LABUHANBATU Sudutdata.com – Praktik pengelolaan sampah di Perumahan De Prabu kembali menjadi sorotan. Pasalnya, pihak developer diduga melakukan pembuangan sampah secara ilegal di wilayah Bulu Cina, Kelurahan Sidorejo, Kecamatan Rantau Selatan.
Berdasarkan data yang dihimpun dari salah seorang warga komplek perumahan De Prabu Rantauprapat diketahui setiap rumah telah dikenakan iuran kebersihan sebesar Rp25 ribu per bulan.
Informasi yang dihimpun menyebutkan, warga perumahan secara rutin membayar iuran tersebut dengan harapan sampah dikelola sesuai aturan yang berlaku.
Namun, alih-alih dikelola secara resmi, sampah justru diduga dibuang ke lokasi yang tidak memiliki izin sebagai tempat pembuangan akhir.
Sejumlah warga mengaku kecewa atas dugaan praktik tersebut. Mereka menilai, pungutan iuran yang dilakukan seharusnya dibarengi dengan pengelolaan sampah yang bertanggung jawab dan sesuai regulasi lingkungan hidup.

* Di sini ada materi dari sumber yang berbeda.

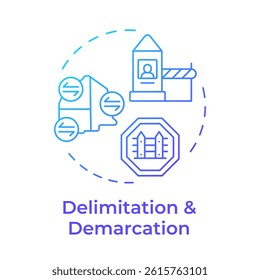 Delimitation and demarcation blue gradient concept icon. Clearly defining and marking borders. Goal of border management. Round shape line illustration. Graphic design. Easy to use in presentation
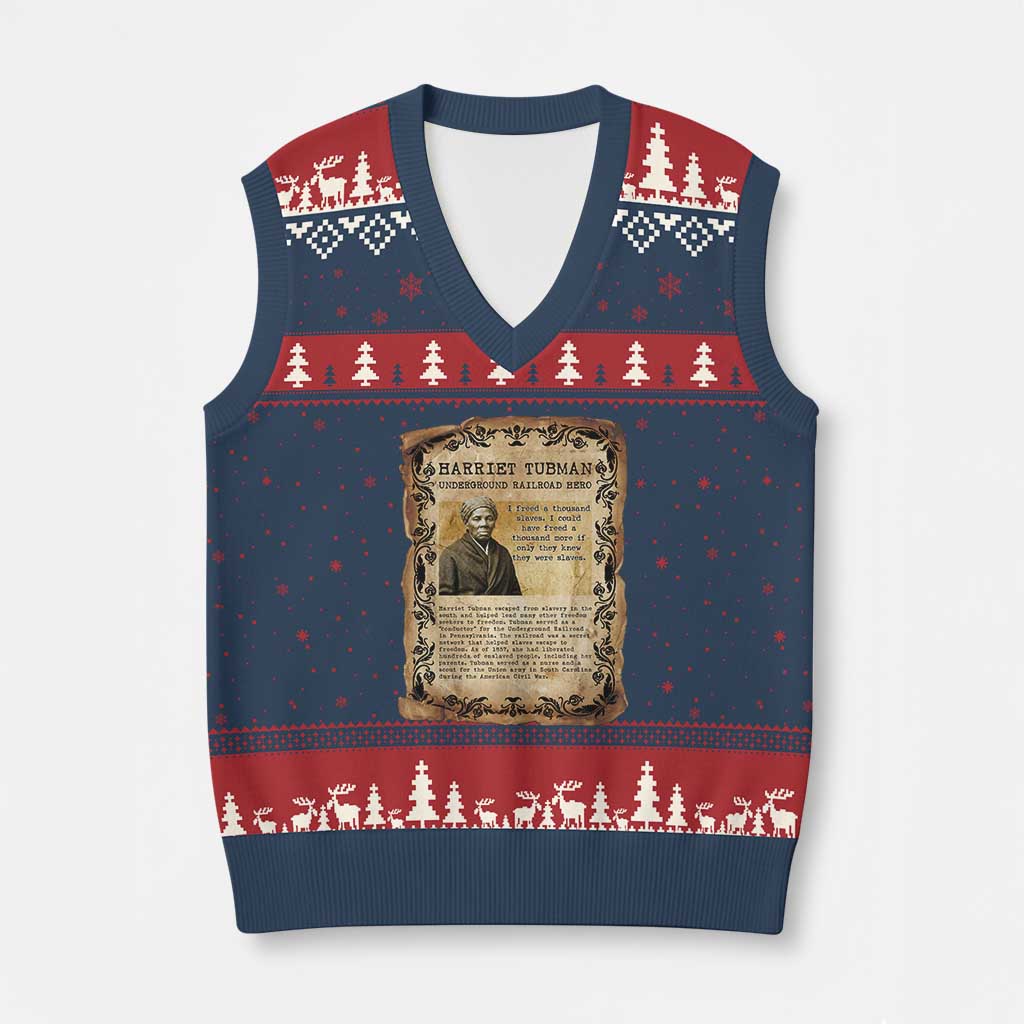 Harriet Tubman V-Neck Knit Sweater Vest Womens History Month Gift TS12 Navy Red Print Your Wear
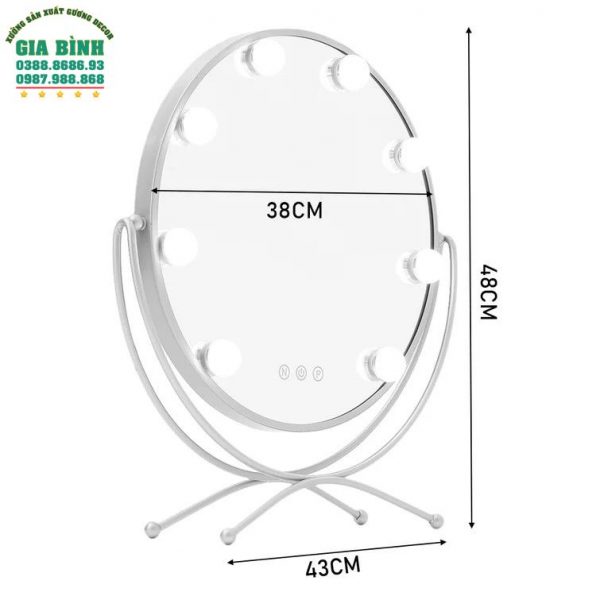 Gương trang điểm kim loại Led có đế đứng mã TĐ08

“Kalau kami sudah bayar iuran tiap bulan, seharusnya sampah dikelola dengan benar, bukan dibuang sembarangan seperti ini,” ujar salah seorang warga yang enggan disebutkan namanya.
Selain merugikan warga, dugaan pembuangan sampah ilegal ini juga berpotensi mencemari lingkungan sekitar dan menimbulkan dampak kesehatan bagi masyarakat di wilayah Bulu Cina.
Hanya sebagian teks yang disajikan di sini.